BEGIN EXTRACTED RECORDS

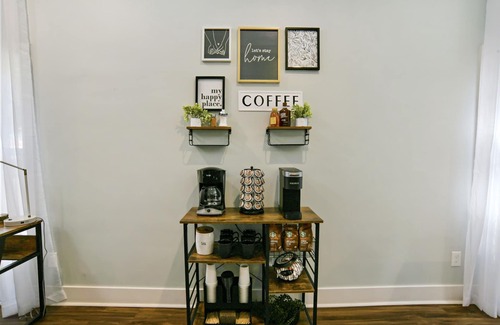 Edgewood House | Airbnb.com/p/DesignedByDom - Over 450 Five-Star Reviews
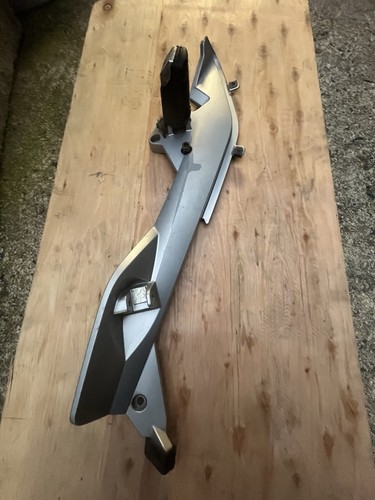 Platine gauche bmw r1200rt - bmw,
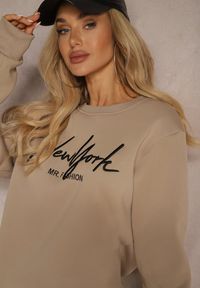 Renee - Ciemnobeżowa Bluza z Bawełną i Polarem Ozdobiona Haftowanym Napisem Radela. Kolor: beżowy. Materiał: bawełna, polar. Długość rękawa: długi rękaw. Długość: długie. Wzór: haft, aplikacja, napisy. Styl: klasyczny, elegancki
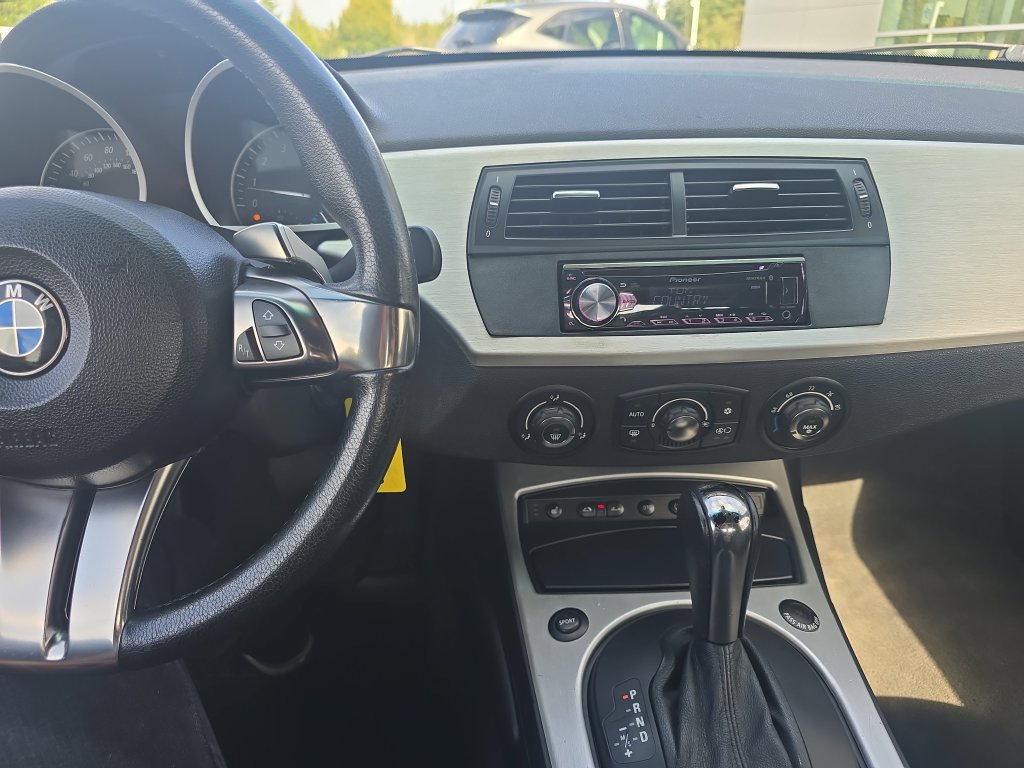 Used 2006 BMW Z4 3.0i RWD image 11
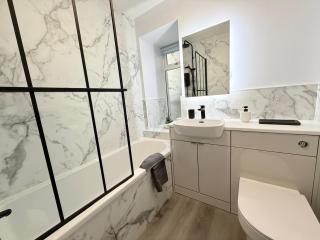 Sea Breeze Cottage short walk to the beach, Nairn - 7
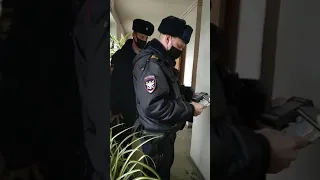 Путылину Ю.А. полицейские "дарят" протокол за маску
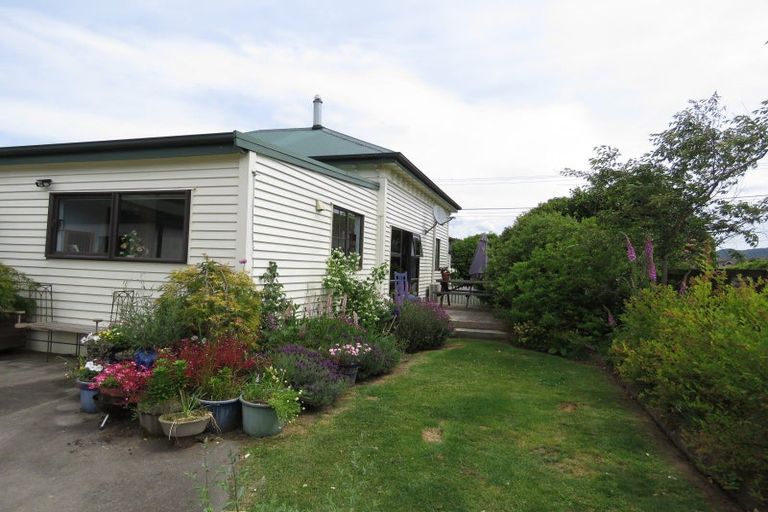 Photo of property in 83 Dick Street, Reefton, 7830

END EXTRACTED RECORDS

[EXERCISE DETAILS]
Set down the records precisely as they appear. Any picture stays out.

[SOLUTION FOR THIS TASK]
 Edgewood House | Airbnb.com/p/DesignedByDom - Over 450 Five-Star Reviews
 Platine gauche bmw r1200rt - bmw,
 Renee - Ciemnobeżowa Bluza z Bawełną i Polarem Ozdobiona Haftowanym Napisem Radela. Kolor: beżowy. Materiał: bawełna, polar. Długość rękawa: długi rękaw. Długość: długie. Wzór: haft, aplikacja, napisy. Styl: klasyczny, elegancki
 Used 2006 BMW Z4 3.0i RWD image 11
 Sea Breeze Cottage short walk to the beach, Nairn - 7
 Путылину Ю.А. полицейские "дарят" протокол за маску
 Photo of property in 83 Dick Street, Reefton, 7830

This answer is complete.